Moving from Wait-Staff to Quick Service

Recently, I have come across more and more people and their restaurants looking to move from a fast casual, wait-staff approach to a traditional quick service location.  The reasons I have been told range, however, given the right circumstances, this may certainly be a profitable move to make.  Before making a haphazard switch there are areas you should consider.  Should you feel comfortable beyond that point there are key aspects to a quick service restaurant that you’ll want to address as well.

In this posting, I will first highlight the considerations you should make beforehand and the areas that need addressing should you move forward.

Things to consider before making the switch:

#1- What kind of reaction will your loyal customers have?

You can never underestimate the opinions and feelings of your loyal customers.  Keep in mind, if they are “loyal” it means that they come to your location repeatedly.  It also means that they are your mini walking, talking, breathing word-of-mouth advertising campaigns.  Doing something that will upset the applecart could have a residual effect on your business.

#2- Can your menu be prepared quick enough?

When you have a wait-staff you are naturally afforded a greater amount of time to prepare the food.  Going from having a window of 10’s of minutes to just minutes is a significant jump that not everyone can make.  What might you have to sacrifice?  What short-cuts would you have to take?  Would it be worth it or would the end result, meaning your food, be compromised?

#3- Is your location conducive for a quick service restaurant?

Take a look at where you seating areas are now and what it would look like if you made the change.  Do you have an idea where you’ll be able to place the order counter that has easy access to the kitchen?  Will you have enough space for people to queue up and order?  These are the questions that you have to ask yourself and assess.  The last thing you want to do is to force an idea that relies on functionality in to a dysfunctional environment.  If you were a general contractor, you wouldn’t consider making your 4-door sedan your work truck would you?  Your van, now that makes more sense.  You need to have at least some of the attributes to make it work.

#4- What would the total monetary cost of the switch be?

It isn’t as simple as hanging some menu boards, shifting some chairs around and calling it a day.  Beyond the menu boards, chances are you will need multiple registers, an order counter, new silverware, tissue paper, trays, garbage cans, a soda fountain machine, display cases, etc.  And on top of all of this is the biggest nut – the renovation to make the work-flow make sense for a quick service operation.

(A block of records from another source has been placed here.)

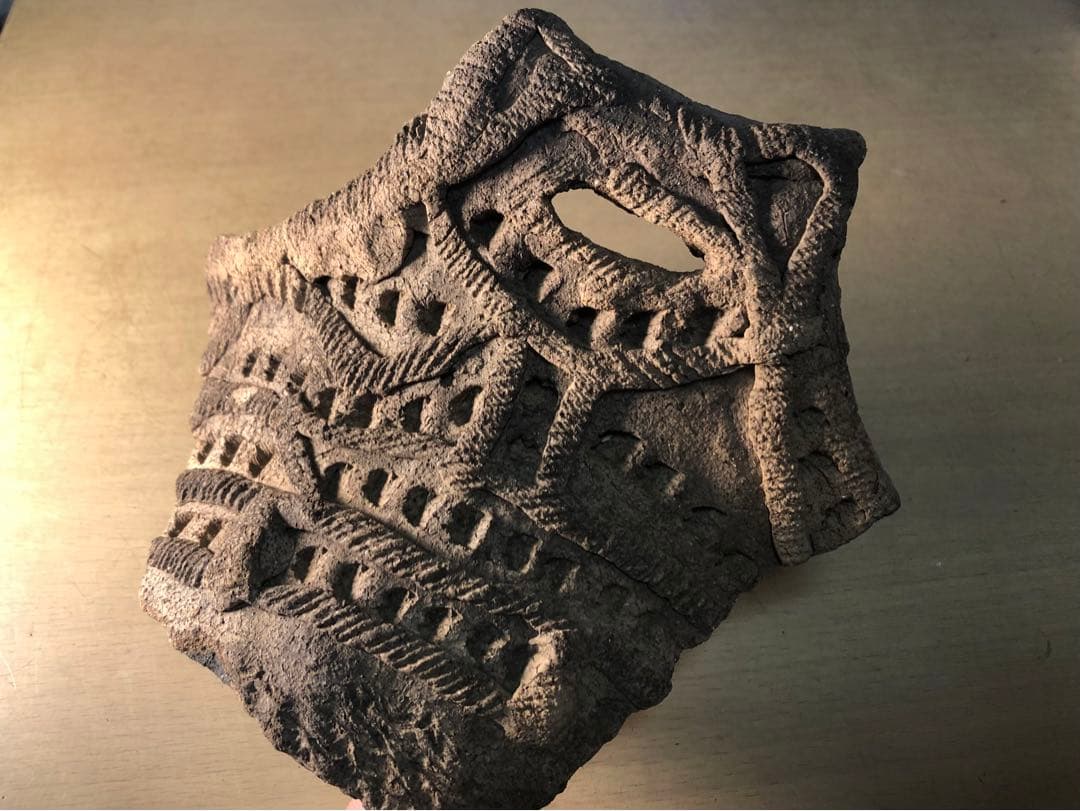 「土器の欠片 縁の部分 No.660」です。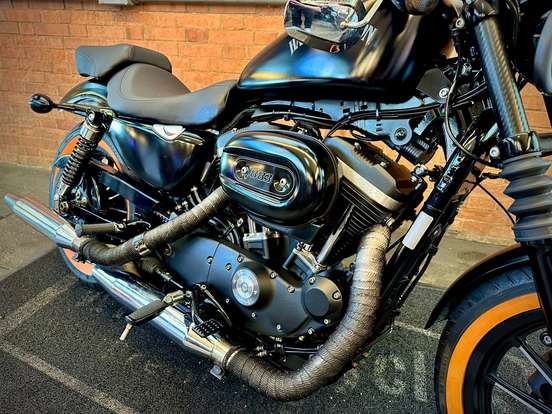 HARLEY-DAVIDSON-SPORTSTER IRON 883-2014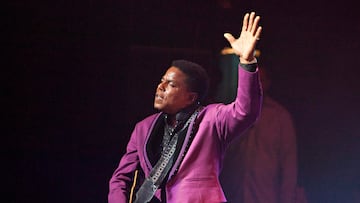 FILE PHOTO: Tito Jackson of the musical group The Jacksons performs during the group's Unity Tour at the Apollo Theater in New York June 28, 2012. REUTERS/Andrew Burton/File Photo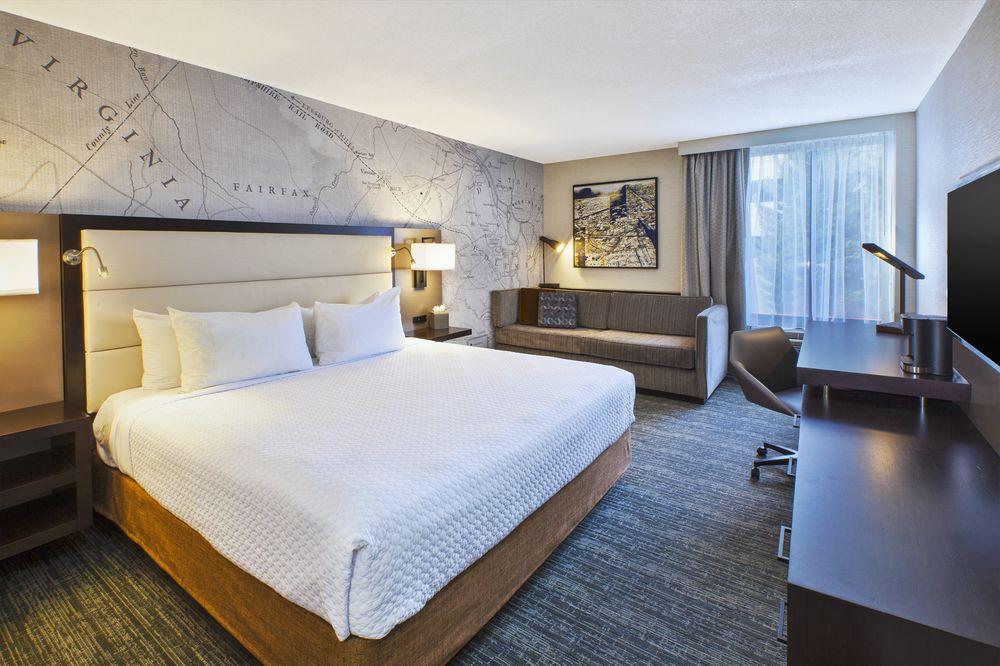Doubletree By Hilton Mclean Tysons Ξενοδοχείο Tysons Corner Εξωτερικό φωτογραφία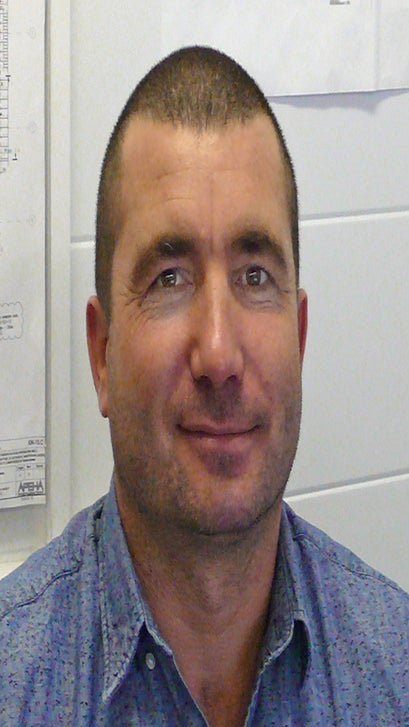 Опалубка и строительные леса этой компании удобны и экономичны в эксплуатации. Мы получили лицевой бетон и значительно сэкономили крановое время за счет перестановки лесов блоками по 15 метров. Более того, балочно-ригельная опалубка PERI легче металлической, и это позволило залить удаленные колонны краном небольшой грузоподъемности. Мы стояли перед выбором поставщика строительных лесов для возведения трехгранных колонн высотой 47 метров. Отдали предпочтение лесам PERI, и результат оправдал наши ожидания, мы остались довольны!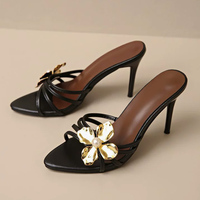 Sandales d'été 2026 pour femmes à talons hauts, avec décoration dorée, bout pointu, fermeture à enfiler, design tendance fleur métallique et perles
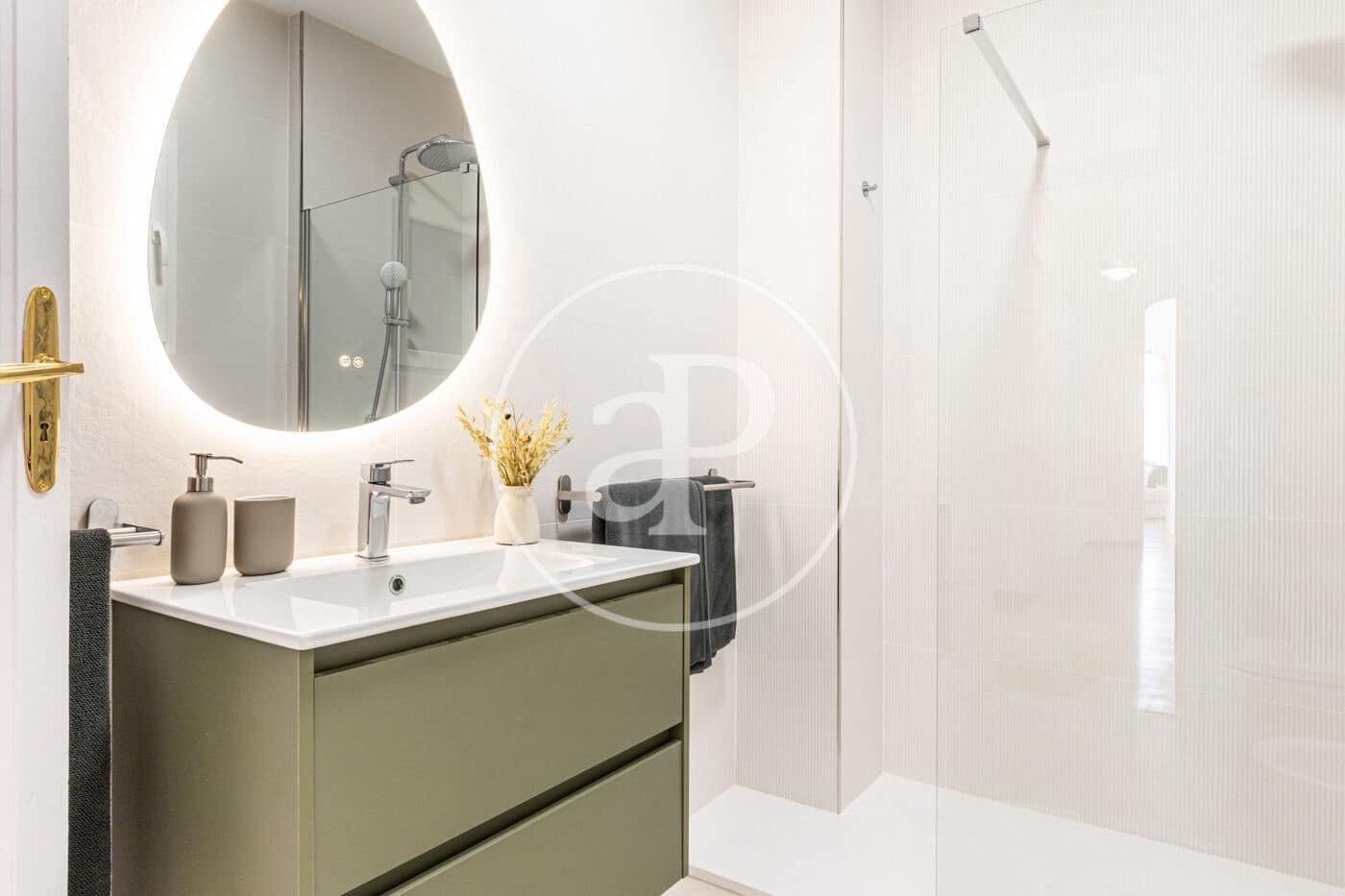 3 soverom Leilighet til leie i Valencia by - € 2 500 (Ref: 9619600)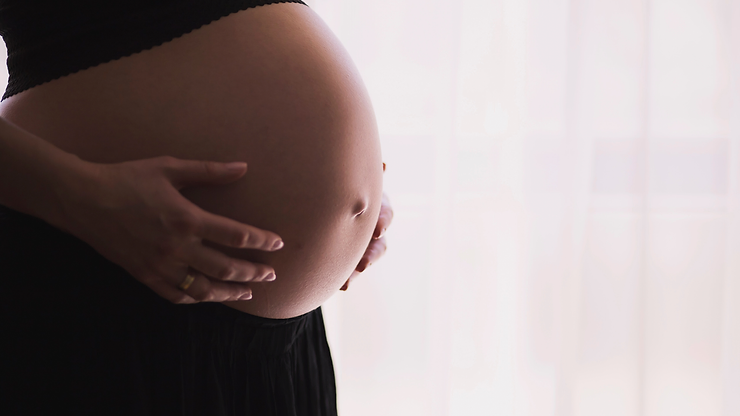 STF declara inconstitucional incidência de contribuição previdenciária em salário-maternidade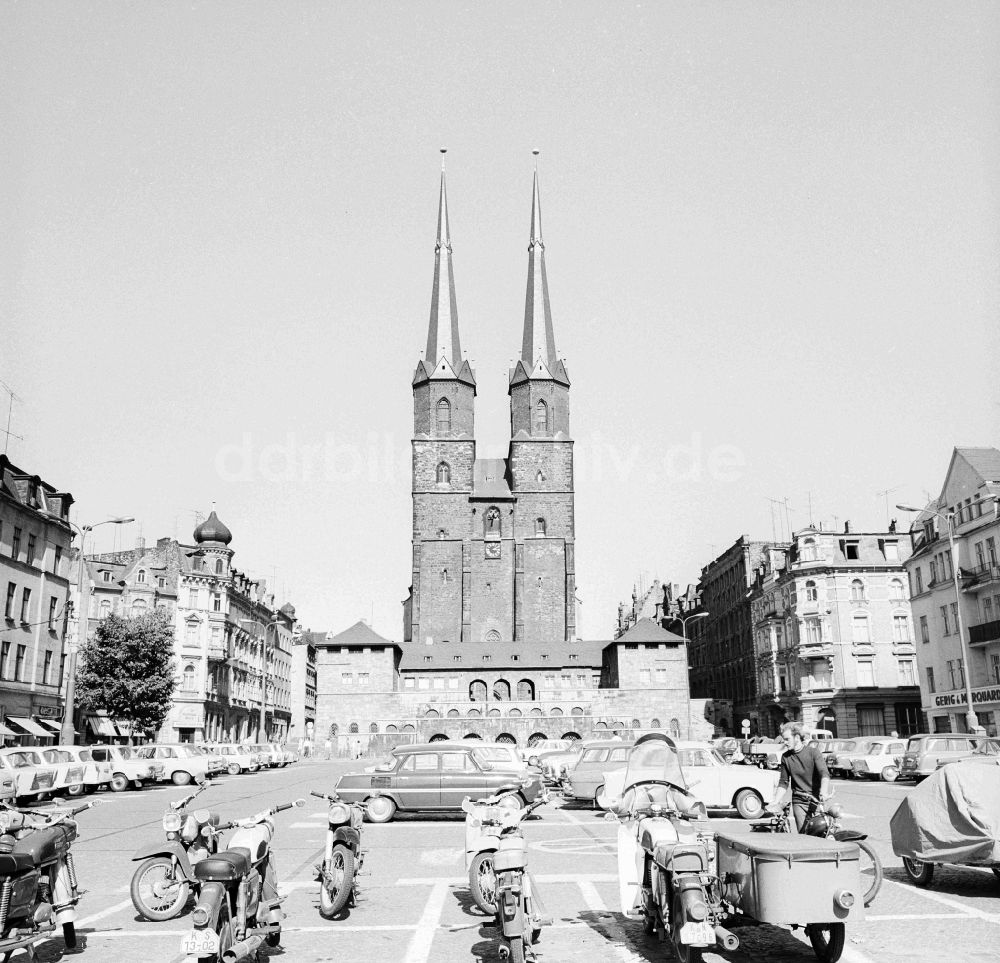 DDR-Bildarchiv: Halle (Saale) - Marienkirche am Marktplatz in Halle (Saale) in Sachsen-Anhalt in der DDR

Menu BoardsNow that you have decided to make the switch, these are the areas that need to be addressed:

#1- Traffic flow of your customers

We have taken a stab at the options for laying out your restaurant in the past.  There are a number of different ways you could go.  Take into consideration where your customers enter your location and where you want them to go.  Metaphorically speaking, you have the opportunity to “herd the cattle” in a way that you want.  At the same time you want to make sure that it is in an effective matter.  Take a read of the earlier blog that is linked above and this will all make sense.  From a QSR Magazine October 2010 article:

Often, the bottlenecks in service are due to the restaurant’s overall design and setup. “Many operations that I have consulted with made all of their mistakes in the design phase,” Kharasch says. “They did not think through every step an employee has to make to get the food out and they did not think about where a guest stands when waiting to order food, or how many registers they may need if the sales are above expectations.”

#2- Staffing

So you are doing away with the wait-staff but now you are going to have to make up for it behind the counter and in the kitchen.  More from the QSR Magazine October 2010 article:

“Speed of service is in direct correlation to your overall retail sales,” says John Scardapane, founder and CEO of Philadelphia-based Saladworks.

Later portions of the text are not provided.